Time for Moore: Kondo? Can’t do!
At our house, the following meme carries real meaning: “I assume I’ll die when my stack of unread books falls on top of me.”
But oh, Marie Kondo would definitely not approve! She is famously said to own about 30 books altogether at any given time. My husband and I have at least that many books at our bedside alone. And the total tomes in our possession, whether read, partially read or awaiting a reader? Too many to swiftly tally.
Kondo’s shtick, in case it’s eluded your awareness, is about considering whether or not one’s belongings “spark joy” in your soul. By that she means assessing the joy-inducing potential of EACH. INDIVIDUAL. ITEM.

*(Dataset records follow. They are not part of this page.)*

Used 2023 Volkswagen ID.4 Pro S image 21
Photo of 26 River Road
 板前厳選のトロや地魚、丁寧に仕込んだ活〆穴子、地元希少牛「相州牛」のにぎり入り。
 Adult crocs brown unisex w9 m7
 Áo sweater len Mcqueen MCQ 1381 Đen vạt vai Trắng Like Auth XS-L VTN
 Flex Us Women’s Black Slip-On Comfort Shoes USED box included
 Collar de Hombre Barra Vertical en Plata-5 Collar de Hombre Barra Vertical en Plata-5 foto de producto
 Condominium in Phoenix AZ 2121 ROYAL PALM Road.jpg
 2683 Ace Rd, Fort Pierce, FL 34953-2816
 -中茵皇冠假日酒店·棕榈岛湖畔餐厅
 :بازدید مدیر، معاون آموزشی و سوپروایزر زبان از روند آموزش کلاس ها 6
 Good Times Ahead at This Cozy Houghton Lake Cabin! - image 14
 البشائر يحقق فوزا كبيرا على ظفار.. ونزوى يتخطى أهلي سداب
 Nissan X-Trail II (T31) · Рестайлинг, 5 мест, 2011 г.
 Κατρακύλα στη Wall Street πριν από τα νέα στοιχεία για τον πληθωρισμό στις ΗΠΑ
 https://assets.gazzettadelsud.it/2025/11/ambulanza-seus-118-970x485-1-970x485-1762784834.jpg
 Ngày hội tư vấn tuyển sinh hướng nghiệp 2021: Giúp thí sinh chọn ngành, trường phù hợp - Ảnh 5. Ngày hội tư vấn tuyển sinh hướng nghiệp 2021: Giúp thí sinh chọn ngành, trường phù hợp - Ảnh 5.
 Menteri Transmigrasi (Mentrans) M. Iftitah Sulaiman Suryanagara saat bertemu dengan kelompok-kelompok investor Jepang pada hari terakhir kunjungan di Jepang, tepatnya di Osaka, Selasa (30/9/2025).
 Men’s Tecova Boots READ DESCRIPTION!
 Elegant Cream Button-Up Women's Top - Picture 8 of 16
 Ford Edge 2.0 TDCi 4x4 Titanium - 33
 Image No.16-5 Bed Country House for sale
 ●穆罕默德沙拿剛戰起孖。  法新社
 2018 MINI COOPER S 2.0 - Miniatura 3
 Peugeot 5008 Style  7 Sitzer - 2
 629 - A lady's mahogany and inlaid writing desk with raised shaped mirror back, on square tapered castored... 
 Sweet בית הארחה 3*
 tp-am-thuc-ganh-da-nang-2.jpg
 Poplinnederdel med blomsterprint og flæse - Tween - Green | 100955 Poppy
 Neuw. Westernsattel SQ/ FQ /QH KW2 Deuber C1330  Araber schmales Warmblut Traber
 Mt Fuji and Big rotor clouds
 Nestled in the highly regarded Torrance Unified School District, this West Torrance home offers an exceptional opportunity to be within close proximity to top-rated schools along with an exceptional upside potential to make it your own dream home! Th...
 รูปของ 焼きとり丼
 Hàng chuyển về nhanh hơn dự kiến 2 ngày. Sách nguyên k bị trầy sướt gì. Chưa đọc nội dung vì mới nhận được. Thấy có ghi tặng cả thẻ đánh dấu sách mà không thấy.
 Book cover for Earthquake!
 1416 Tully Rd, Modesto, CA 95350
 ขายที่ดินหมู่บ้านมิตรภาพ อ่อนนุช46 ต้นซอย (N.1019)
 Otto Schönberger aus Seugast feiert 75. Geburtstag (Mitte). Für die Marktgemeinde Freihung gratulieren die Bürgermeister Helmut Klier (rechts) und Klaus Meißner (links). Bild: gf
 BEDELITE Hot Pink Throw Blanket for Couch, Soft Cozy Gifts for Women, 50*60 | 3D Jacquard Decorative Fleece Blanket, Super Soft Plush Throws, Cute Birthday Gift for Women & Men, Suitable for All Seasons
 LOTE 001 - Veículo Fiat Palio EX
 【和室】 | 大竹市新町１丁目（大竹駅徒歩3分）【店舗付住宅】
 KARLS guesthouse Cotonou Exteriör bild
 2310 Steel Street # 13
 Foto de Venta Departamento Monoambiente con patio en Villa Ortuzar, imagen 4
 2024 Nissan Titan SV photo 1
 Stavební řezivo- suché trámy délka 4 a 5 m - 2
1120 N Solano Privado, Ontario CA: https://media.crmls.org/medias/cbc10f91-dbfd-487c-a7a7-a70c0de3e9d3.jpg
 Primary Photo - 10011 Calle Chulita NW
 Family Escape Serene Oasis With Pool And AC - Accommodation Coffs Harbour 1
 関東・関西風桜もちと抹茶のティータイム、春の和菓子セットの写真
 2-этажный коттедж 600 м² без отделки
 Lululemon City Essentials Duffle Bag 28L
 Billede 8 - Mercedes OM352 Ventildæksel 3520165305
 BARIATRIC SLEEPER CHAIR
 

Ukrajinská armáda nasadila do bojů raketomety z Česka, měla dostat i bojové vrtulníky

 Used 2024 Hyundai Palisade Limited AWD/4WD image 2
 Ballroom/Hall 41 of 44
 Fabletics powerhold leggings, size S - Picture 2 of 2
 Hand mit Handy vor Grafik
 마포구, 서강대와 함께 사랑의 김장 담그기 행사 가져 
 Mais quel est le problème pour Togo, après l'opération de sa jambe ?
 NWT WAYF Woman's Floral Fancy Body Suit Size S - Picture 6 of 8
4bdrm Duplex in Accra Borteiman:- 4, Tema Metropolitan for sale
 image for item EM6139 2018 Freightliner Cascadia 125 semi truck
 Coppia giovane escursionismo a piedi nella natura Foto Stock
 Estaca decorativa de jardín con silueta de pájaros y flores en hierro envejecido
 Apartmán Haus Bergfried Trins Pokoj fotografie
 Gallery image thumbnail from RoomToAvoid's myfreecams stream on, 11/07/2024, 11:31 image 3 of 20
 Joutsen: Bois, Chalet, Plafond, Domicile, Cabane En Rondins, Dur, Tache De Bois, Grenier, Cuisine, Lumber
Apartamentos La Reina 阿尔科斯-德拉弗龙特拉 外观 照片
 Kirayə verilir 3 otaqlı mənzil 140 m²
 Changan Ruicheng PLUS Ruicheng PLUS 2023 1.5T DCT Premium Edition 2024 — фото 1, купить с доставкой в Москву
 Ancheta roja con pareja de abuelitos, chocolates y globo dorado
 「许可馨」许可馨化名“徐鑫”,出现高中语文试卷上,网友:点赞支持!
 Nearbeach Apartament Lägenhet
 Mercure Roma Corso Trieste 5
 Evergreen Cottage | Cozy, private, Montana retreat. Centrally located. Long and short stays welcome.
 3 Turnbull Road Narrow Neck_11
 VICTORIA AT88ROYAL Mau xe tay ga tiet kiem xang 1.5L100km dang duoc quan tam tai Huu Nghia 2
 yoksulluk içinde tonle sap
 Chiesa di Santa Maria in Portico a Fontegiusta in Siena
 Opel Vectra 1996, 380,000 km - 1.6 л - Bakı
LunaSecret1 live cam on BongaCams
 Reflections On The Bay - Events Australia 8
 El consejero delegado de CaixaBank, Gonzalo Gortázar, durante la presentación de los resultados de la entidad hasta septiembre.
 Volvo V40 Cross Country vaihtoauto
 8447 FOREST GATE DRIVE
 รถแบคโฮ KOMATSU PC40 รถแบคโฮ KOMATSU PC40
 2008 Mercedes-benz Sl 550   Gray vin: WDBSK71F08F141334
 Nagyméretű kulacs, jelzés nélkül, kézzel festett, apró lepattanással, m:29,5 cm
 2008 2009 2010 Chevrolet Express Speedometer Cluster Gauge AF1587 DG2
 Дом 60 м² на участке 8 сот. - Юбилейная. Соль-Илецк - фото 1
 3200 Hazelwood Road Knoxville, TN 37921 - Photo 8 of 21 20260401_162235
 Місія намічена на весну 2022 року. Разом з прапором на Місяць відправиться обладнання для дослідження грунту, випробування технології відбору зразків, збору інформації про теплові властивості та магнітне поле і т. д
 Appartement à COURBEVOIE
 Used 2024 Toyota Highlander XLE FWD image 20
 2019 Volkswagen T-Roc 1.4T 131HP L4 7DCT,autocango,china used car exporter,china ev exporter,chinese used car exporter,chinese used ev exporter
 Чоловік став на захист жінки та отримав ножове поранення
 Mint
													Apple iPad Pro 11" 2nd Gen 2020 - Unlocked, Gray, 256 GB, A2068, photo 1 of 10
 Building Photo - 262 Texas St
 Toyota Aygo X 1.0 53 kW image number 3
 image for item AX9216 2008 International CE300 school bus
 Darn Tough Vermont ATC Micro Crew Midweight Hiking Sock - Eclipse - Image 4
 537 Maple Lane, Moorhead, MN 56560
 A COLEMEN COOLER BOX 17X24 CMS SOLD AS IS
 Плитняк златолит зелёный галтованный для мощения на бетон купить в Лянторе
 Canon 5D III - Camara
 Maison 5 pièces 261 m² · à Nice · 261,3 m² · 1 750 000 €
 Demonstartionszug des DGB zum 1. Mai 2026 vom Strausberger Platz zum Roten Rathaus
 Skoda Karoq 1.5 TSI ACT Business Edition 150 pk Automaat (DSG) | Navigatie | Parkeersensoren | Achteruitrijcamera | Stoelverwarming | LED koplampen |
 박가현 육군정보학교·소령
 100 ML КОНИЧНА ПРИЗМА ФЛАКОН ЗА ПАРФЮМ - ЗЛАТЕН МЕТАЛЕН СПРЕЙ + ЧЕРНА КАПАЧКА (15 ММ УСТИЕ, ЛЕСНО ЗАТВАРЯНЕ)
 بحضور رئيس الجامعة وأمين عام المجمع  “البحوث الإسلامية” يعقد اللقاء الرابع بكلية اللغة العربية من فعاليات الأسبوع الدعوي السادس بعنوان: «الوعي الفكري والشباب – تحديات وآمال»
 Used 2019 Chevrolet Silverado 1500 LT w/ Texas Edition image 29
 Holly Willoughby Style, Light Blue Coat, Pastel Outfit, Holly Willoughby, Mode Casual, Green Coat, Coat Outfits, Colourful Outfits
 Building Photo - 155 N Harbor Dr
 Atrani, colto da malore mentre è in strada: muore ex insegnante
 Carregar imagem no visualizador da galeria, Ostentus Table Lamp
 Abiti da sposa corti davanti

Yes, that applies to every single sheet of paper that is piled, crammed or otherwise floating about your abode, not to mention all pieces of clothing (down to the individual socks for which she urges us to have respect). Does the woman think I’m going to live to be 150?
Kondo is a Japanese organizing expert whose 2014 work, “The Life-Changing Magic of Tidying Up,” along with its companion, “Spark Joy: An illustrated master class on the art of organizing and tidying up,” have in combination accounted for 11 million (and rising) book sales worldwide.
Additionally, Kondo stars in a Netflix series (“Tidying Up with Marie Kondo”), and she and her KonMari method of organizing can be seen in multiple YouTube videos.
But here’s why I’m a bit skeptical about whether Kondo’s soft-spoken, Origami-folding yet highly directive plan for handling material goods can work for everyone.
The woman is THIRTY-FOUR YEARS OLD. She began offering her organizational consultations as a 19-year-old college student. Can she possibly understand how long it would take two 50-somethings who are avid readers with sentimental tendencies, hoarder sensibilities and organizational challenges to sort through everything they own, item by item?
Because, literally, that is what she orders her clients to do. Kondo has “six basic rules of tidying,” asserting that it must be done in a particular categorical order. According to Kondo, we must touch each item — and if necessary, clutch it to our hearts — to determine if it sparks joy in us. If not, out the door with it!
If you’re thinking, “But I might need that,” or “It might come in handy,” Kondo’s advice remains consistent. “Believe me, it never will,” she writes. “You can always manage without it.”
Dear Marie, I beg to differ; that aging pair of authentic lederhosen wadded in the back of a closet proved perfect for a child’s Halloween costume one year, and much joy has been sparked in my heart when I’ve produced an important paper from a precarious pile or a random desk lamp for a college-bound kid — even though those would have otherwise been discarded if I was strictly following your direction.
Plus, surely the U.S. economy would suffer a serious downturn if hordes of us suddenly became Kondo devotees! There are over 48,500 self-storage facilities in the United States used by 9.4% of the population, and self-storage units are a $38 billion industry! Sparefoot.com confirms this (note: I am not contributing to those statistics, and hope never to do so).
Yes, there is value in striving for simplicity, clarity, neatness and one’s personal definition of joy, but when it’s time to purge, my method may involve dumping armfuls of papers, magazines and up to 75 T-shirts at once rather than spending hours in kittenish contemplation, coddling separate socks, sponges and sugar bowls.
But make no mistake, Kondo has brought me joy; adding her books to my bedside stack enhances the nighttime reading humor quotient, sending me off to slumber with a smile.